June 01, 2009

Quote of the Day II

Jeffrey Goldberg, as arch an arch-Zionist as you'll ever find, on the settlers:

Since the United States partially underwrites Israel, it has the right to make certain demands; since this demand is something that the majority of Israelis, in any case, understand, it's hard to see this as something akin to slavery. Here's the thing: The settlers are arguing that their human rights would be violated if they were made to move to Israel. That's right. It used to be that a person could fulfill his Zionist destiny in a place like Petah Tikva, but no more: Now, it's a sin against God, apparently, to live anywhere but in a government-subsidized trailer on a barren hill in the mountains of Samaria.
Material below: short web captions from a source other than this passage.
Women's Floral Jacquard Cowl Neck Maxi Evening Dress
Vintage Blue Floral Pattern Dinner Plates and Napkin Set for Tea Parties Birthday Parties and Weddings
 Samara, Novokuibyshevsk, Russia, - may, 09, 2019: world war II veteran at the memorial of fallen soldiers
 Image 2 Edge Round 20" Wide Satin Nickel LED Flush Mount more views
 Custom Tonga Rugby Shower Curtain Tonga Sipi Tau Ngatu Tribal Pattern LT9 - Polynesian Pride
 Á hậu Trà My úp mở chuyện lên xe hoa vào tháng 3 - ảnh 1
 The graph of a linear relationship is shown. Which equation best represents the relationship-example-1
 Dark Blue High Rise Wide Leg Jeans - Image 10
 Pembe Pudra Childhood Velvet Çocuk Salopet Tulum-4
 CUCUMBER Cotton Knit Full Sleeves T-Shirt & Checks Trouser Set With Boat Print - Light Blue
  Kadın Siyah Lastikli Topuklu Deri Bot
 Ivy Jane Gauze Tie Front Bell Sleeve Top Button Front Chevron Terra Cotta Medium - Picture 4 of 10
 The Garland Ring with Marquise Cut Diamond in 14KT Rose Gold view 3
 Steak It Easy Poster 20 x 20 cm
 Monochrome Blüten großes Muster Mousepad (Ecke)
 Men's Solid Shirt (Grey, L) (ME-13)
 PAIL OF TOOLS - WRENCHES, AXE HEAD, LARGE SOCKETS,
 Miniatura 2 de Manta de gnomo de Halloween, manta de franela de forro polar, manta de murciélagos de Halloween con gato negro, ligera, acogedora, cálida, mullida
I don't have any problem with the American demand for a settlement freeze; the settlements are an impediment to peace, they are a security burden, and they are petri dishes for the worst sort of fundamentalist messianism

Posted by Stephen Silver at June 1, 2009 04:49 PM

There were no "settlements" in 1937 when the Arabs rejected the Peel Commission.

There were no "settlements" in 1947 when the Arabs rejected the UN partition plan.

There were no "settlements" in 1964 when the PLO was founded.

Jewish homes in Judea and Samaria are not an impediment to peace. I would suggest that the utter lack of reliable societal institutions in the Palestinian community -- caused by decades of infighting and corruption -- is to blame.

Posted by: jabbett at June 1, 2009 05:26 PM

This article ignores two major points.

First, the claim that their human rights would be violated if they were made to move has nothing to do with religion. It is more related to the fact that the standard Palestinian demand for years has been a two state solution featuring a Jew-free Palestinian state and a Jewish state that must allow Palestinians the "right of return". Why should Jews whose families came from Judea and Samaria before 1948 not be allowed a right of return as well?

Second, Goldberg makes no distinction between people who live in big towns like Maaleh Adumim and Efrat and those who put up an outpost in the middle of the night on a barren hillside. Sure there are messianic fundamentalists among those who live in the West Bank (and even those who live in the undisputed areas of Israel), but lumping the hillside crazies with the majority of residents is akin to saying that all Texans are crazy religious fanatics because the Branch Davidians lived in Texas.